I also created a “know your rights” brochure that focused on encounters with police. I put a box of them in my car and drove through the streets of Vineland’s black neighborhoods distributing them to pedestrians. The handouts were eagerly received and led to a series of spontaneous street corner teach-ins.
The exposure also brought me into contact with a developmentally disabled black man who claimed that Vineland police were routinely harassing and humiliating him. I provided him with advice about how to navigate those encounters.
Millville Klan Rally
In 1989, the Ku Klux Klan applied for a permit to rally in Millville, New Jersey. Citing public safety concerns the city denied the request, whereupon the Klan sued with the assistance of the ACLU. Publicity about the event captured my attention and I drafted and filed an amicus brief on behalf of NCBL that sided with the city and advanced arguments about the legitimacy of limiting hate speech. Although the brief was reported in one of the local newspapers, I received little direct feedback. I do recall however that when I spoke with the ACLU’s attorney, his facial expression betrayed a combination of bewilderment, shock and disgust all at the same time. This was to be the first of a couple of run-ins with the ACLU over the hate speech issue.

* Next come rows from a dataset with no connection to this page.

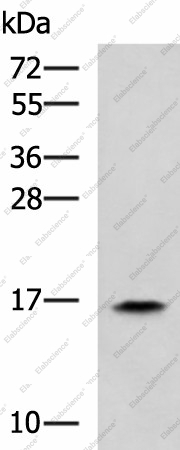 Вестерн-блоттинг, RPS14, клетки HL60
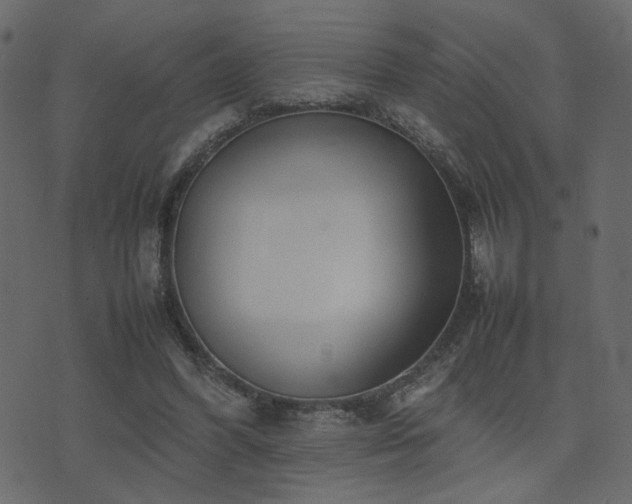 X0000074310396200608251241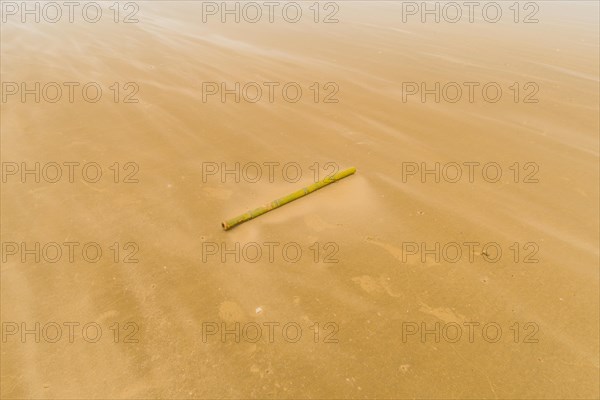 Solitary bamboo pole laying on windswept beach with streaks of sand being blown across the ground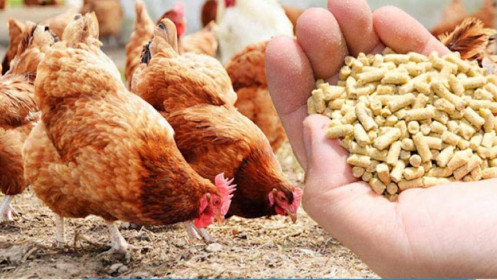 Choáng váng với giá thức ăn chăn nuôi tăng phi mã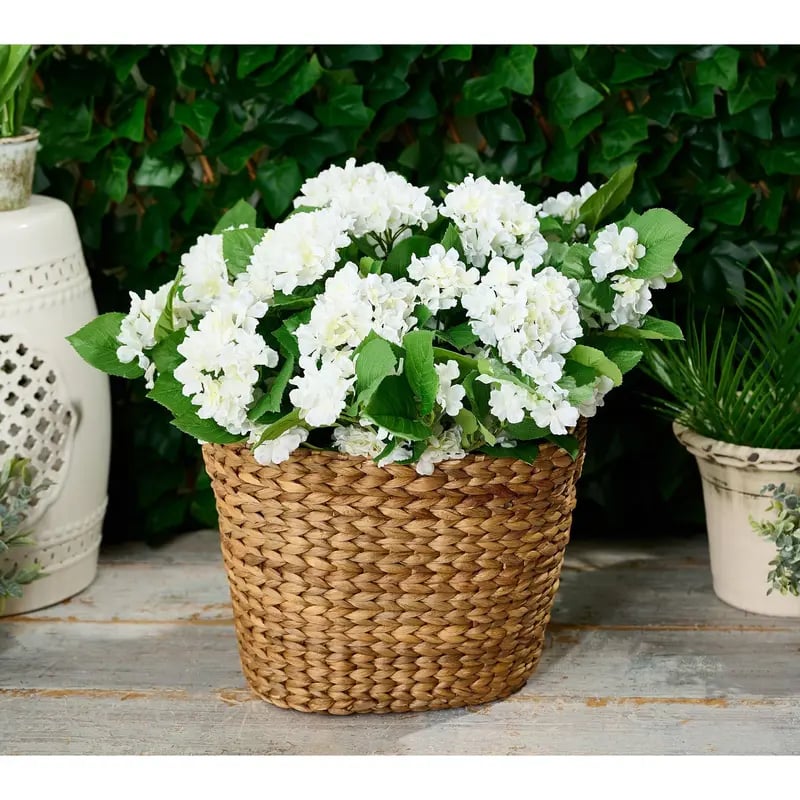 Indoor/Outdoor Hydrangea Urn Filler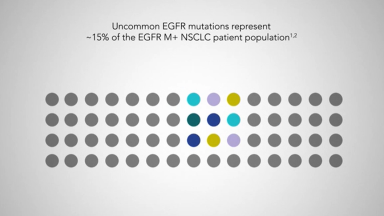 PC-MY-101511-thumbnail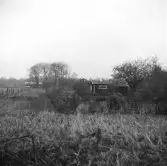 Vänersborg. Holmängen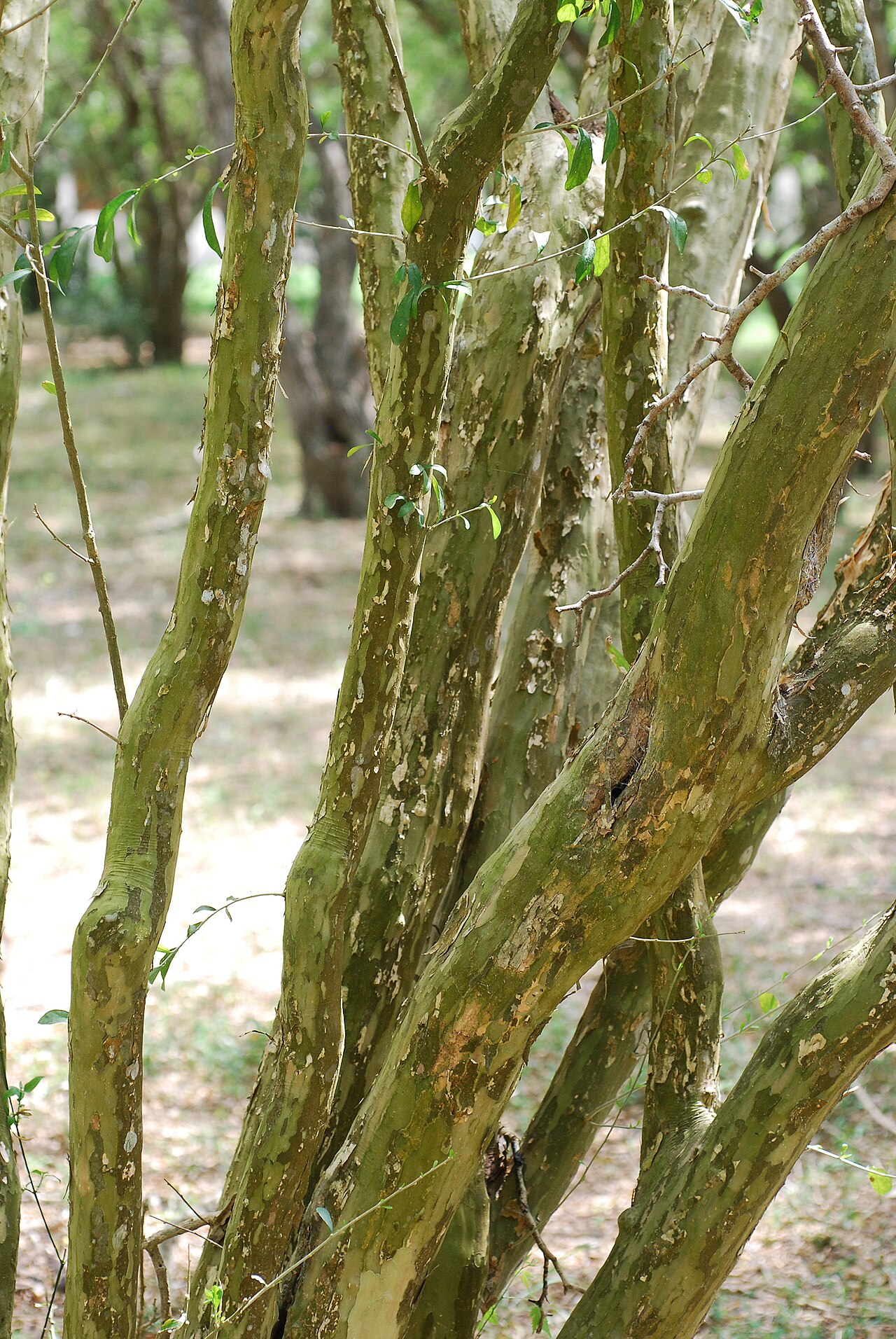 Vasey's wild lime: Adelia vaseyi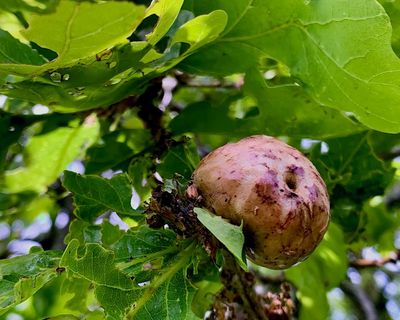 Country diary: Today was once a public holiday, thanks to these oak ‘apples’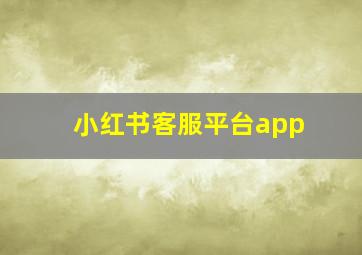 小红书客服平台app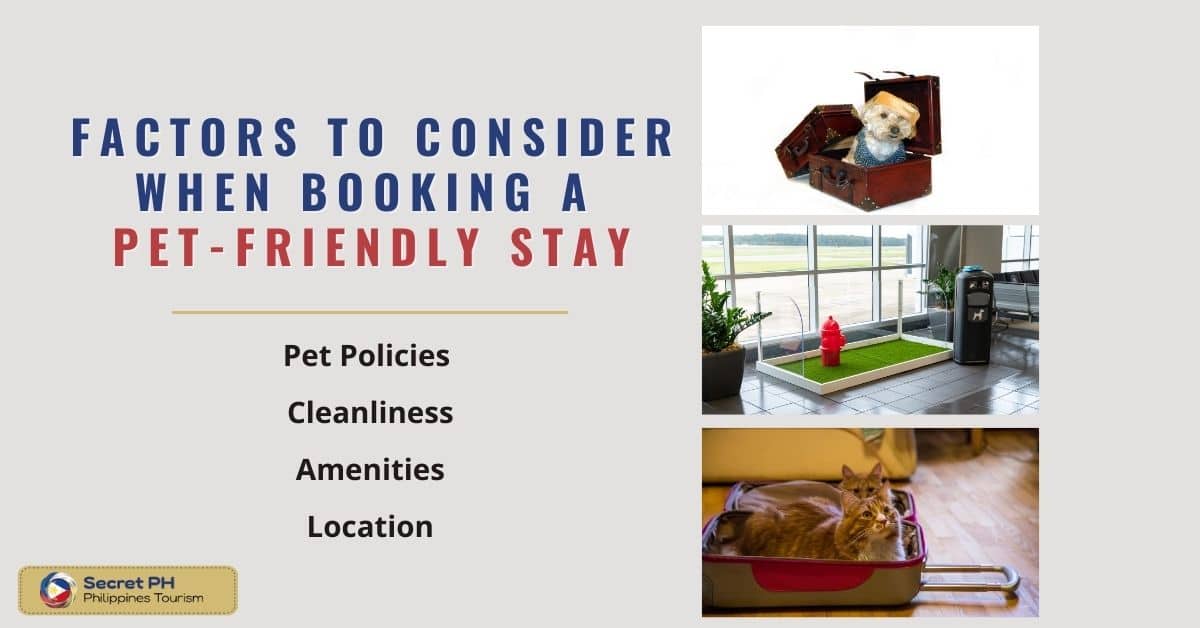 Factors to Consider When Booking a Pet-Friendly Stay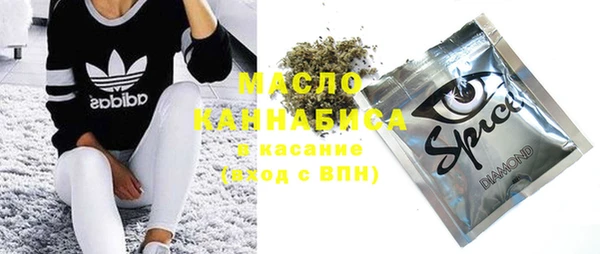 индика Нязепетровск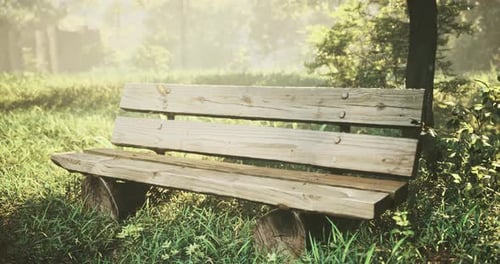 Empty Wooden Bench in a Sunny Forest Park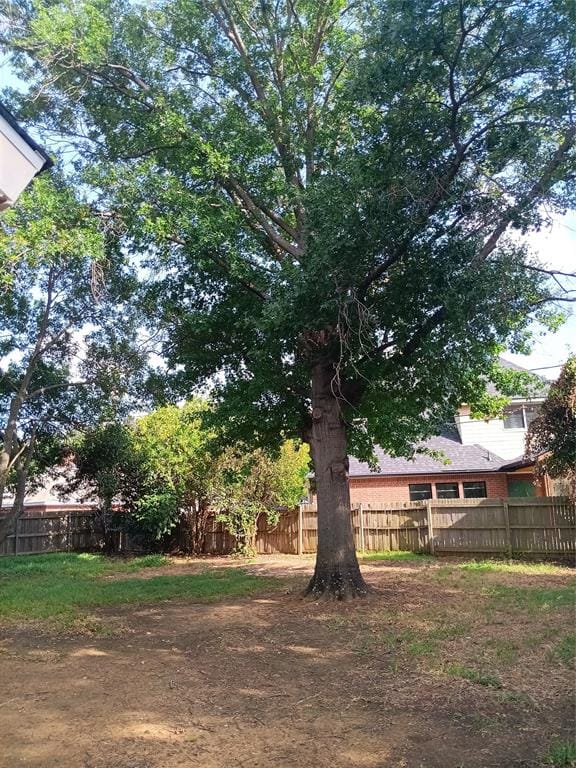 3618 Wentworth Drive, Arlington TX 76001 - Photo 15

The Klan won its lawsuit and was granted a permit to rally, but things did not go well for the hooded hooligans. Crowds of Millville’s white citizens turned out armed with mud balls that they aimed at the handful of assembled Klansmen, who in turn gathered up their sheets and ran out of town. It was a delightful case of unexpected street justice.
There were a variety of other projects I undertook during that period. I wrote amicus briefs in a case concerning low income housing. I made arguments on behalf of tenants of a poorly-run rural public housing complex at a housing authority meeting. I organized a bike-a- thon called “30 Miles Against Apartheid” to raise money for the ANC. I pushed for the prosecution and conviction of teen-aged skinheads who beat a 15-year-old black Puerto Rican boy within an inch of his life. There was more, but the point is that it is possible to do a great deal in NCBL’s name. It just takes a little creativity, and a willingness to just “do it” as the Nike people say. There are many veteran NCBL members who at some time or another have done comparable work, and all are no doubt willing to offer advice. But it is most important not to feel constrained by methods, strategies and tactics used in the past. Progress is the fruit of innovation.